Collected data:
_ _ _

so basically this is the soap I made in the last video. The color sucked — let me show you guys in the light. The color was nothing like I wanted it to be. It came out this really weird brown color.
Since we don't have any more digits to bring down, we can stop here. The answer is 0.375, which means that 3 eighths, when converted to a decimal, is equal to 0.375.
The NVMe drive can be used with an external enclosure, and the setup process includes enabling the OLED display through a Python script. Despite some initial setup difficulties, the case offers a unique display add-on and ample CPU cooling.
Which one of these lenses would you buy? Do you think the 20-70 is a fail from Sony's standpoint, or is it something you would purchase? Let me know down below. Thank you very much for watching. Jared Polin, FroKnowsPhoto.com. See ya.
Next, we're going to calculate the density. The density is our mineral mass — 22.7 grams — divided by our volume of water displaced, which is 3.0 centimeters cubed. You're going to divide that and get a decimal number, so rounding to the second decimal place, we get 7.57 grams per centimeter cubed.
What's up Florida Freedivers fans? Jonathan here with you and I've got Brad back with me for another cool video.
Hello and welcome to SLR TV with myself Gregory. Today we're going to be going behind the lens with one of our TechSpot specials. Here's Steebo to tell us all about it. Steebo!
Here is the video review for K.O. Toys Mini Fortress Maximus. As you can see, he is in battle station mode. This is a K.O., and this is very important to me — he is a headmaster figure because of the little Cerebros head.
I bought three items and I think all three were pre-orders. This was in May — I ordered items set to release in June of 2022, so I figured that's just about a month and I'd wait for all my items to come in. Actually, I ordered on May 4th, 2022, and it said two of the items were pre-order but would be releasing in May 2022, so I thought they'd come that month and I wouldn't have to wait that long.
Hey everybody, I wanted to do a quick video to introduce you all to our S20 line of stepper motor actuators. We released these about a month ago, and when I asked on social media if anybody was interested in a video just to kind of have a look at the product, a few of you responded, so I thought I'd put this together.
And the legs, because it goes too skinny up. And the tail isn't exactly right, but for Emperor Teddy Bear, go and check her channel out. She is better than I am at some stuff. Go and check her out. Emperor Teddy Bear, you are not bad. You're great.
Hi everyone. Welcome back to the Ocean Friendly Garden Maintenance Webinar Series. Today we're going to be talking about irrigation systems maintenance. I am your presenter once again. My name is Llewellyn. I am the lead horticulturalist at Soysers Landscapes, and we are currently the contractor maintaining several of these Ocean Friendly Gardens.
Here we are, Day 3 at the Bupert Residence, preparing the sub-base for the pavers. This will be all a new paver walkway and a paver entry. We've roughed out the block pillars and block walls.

_ _ _

* PROBLEM DESCRIPTION *
Set down, from the entries above, exactly the lines from the one with "Here is the" up to and including the one with "Hey everybody, I", and no other lines.

* EXERCISE SOLUTION *
Here is the video review for K.O. Toys Mini Fortress Maximus. As you can see, he is in battle station mode. This is a K.O., and this is very important to me — he is a headmaster figure because of the little Cerebros head.
I bought three items and I think all three were pre-orders. This was in May — I ordered items set to release in June of 2022, so I figured that's just about a month and I'd wait for all my items to come in. Actually, I ordered on May 4th, 2022, and it said two of the items were pre-order but would be releasing in May 2022, so I thought they'd come that month and I wouldn't have to wait that long.
Hey everybody, I wanted to do a quick video to introduce you all to our S20 line of stepper motor actuators. We released these about a month ago, and when I asked on social media if anybody was interested in a video just to kind of have a look at the product, a few of you responded, so I thought I'd put this together.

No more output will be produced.